I know I hinted at the promise of Earl’s cake last week. Spoiler alert: it’s coming. But I wanted to get all my cyberspace mis en place together. Which means I first need to talk candied citrus peels.
These peels came to me by way of Martha Stewart. I am like Martha Stewart in the same way that I imagine making bûche de noël is like opening up a box of Little Debbie Christmas tree snack cakes. That is, not at all.
I have never made a glitter skull candelabra, nor have I ever felt the desire to sew red homemade felt slippers. I have not had the opportunity to craft a nativity set from jail, either. Should you be wondering.
We do seem to share a common bond with our love of candied fruit. And candied fruit counts for something. In fact, today it counts for a lot. Because you can use it in Earl’s Cake or as a last minute gift, if you are a bit behind in the Christmas gifting department.
It’s a fairly simple process if you have a few citrus fruits and a sack of sugar lying around.
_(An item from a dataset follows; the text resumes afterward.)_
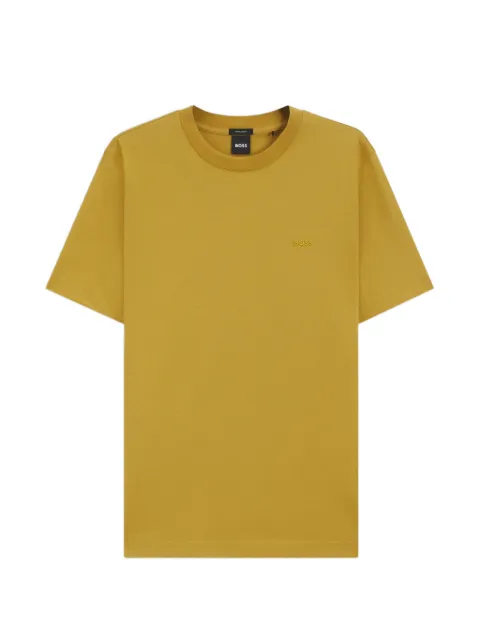 BOSS cotton-jersey T-shirt with logo detail Yellow 50565995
And while you could worry about doing this process multiple times, with separate batches of citrus, I did not have the time or temperament for this.
So I threw orange peels, lemon peels, and even half a grapefruit peel into the same pot. Blanched them twice. And did not feel the need to swear once. Success.
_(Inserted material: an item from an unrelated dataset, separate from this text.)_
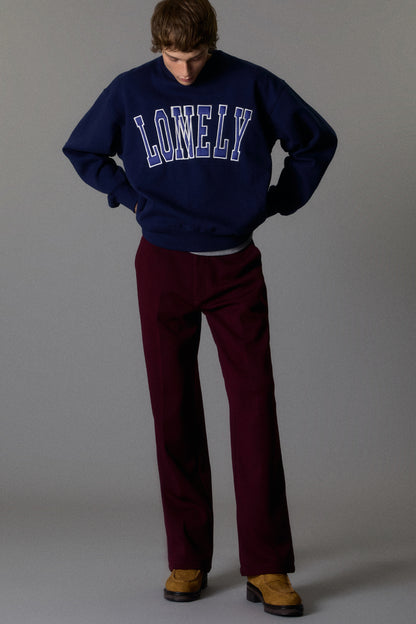 LONELY/LOVELY FLUFF SWEATSHIRT NAVY-BLUE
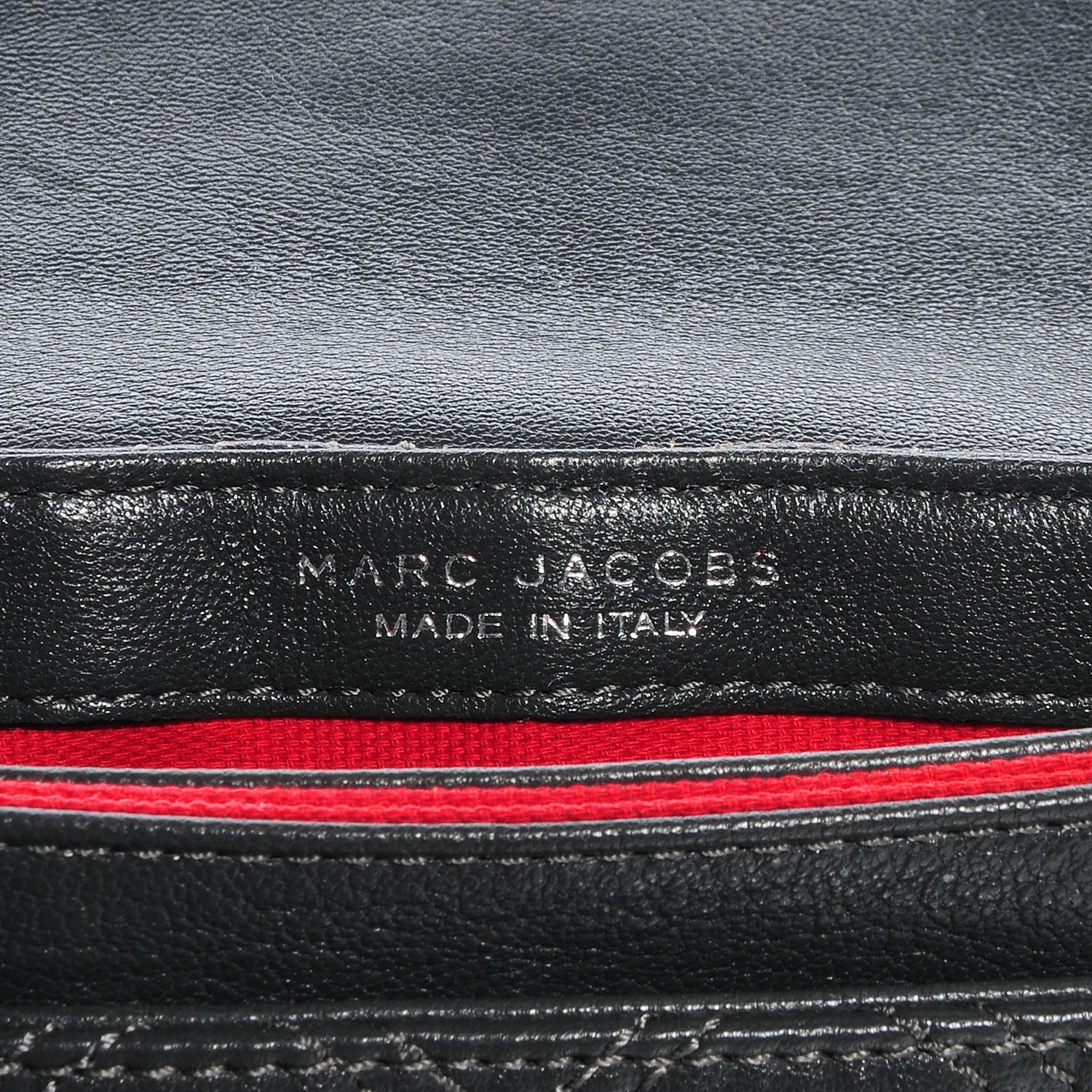 Marc Jacobs Leather Quilted The Single Grey 7 of 10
They don’t glitter like a skull candelabra might, but they do come off looking like little citrus jewels. And they make lovely presents, especially for any bakers on your “nice” list this year.
Candied Assorted Citrus Peels
Adapted from Martha Stewart
½ grapefruit (optional)
4 cups of sugar, plus more for rolling
4 cups of water
Using a knife, make six slits going from the top to the bottom of each citrus fruit (so that you will have six separate pieces of peel per fruit); cut through the peel with each slit but do not cut into the fruit. Using your fingers, gently remove the peel and reserve the fruit for another use. Using a sharp knife, remove any excess pith from each piece, like you are filleting a fish (I ended up taking off most of the white). Slice each piece into ¼ inch strips. (You’ll want them to be the same size so that they cook evenly.)
Place the strips into a saucepan and cover them with cold water. Bring the water to a boil and then drain off the liquid. Repeat this process.
Place the sugar and water in a large saucepan over medium high heat and stir to dissolve the sugar. (Once the sugar dissolves stop stirring.) Bring the sugar water to a boil. Add the citrus strips to the boiling liquid and reduce the heat to medium-low. Simmer the mixture gently for about an hour until the strips are translucent (this took me about 90 minutes). (You can stir occasionally, as needed.)
Remove the pan from the heat and let cool about 20-30 minutes. Using a slotted spoon, scoop up the peels and place them on a wire rack set over your kitchen sink (or over a clean sheet pan) to let the excess syrup drip off.
Place some sugar on a clean sheet pan and roll the strips into the syrup. Let the strips dry for 30-60 minutes (you can leave them in the sheet pan or place them on a clean wire rack).
Store in an airtight container.
Makes 3-4 cups
-I used the grapefruit because I was craving a little bitterness. Feel free to leave it off. If you would like to make only one type of citrus peel do 2 grapefruits, 3 oranges, or 4 lemons.
-I recommend gifting the citrus peels in WECK jars.
-Martha notes to hold off on the final sugaring if you are baking with these citrus peels. However, the candied fruit in Earl’s cake sparkled like a diamond; I wanted to recreate this. Also, I just like the look of sugared candied fruit. (This, of course, will make what you bake a bit sweeter, so keep this in mind.)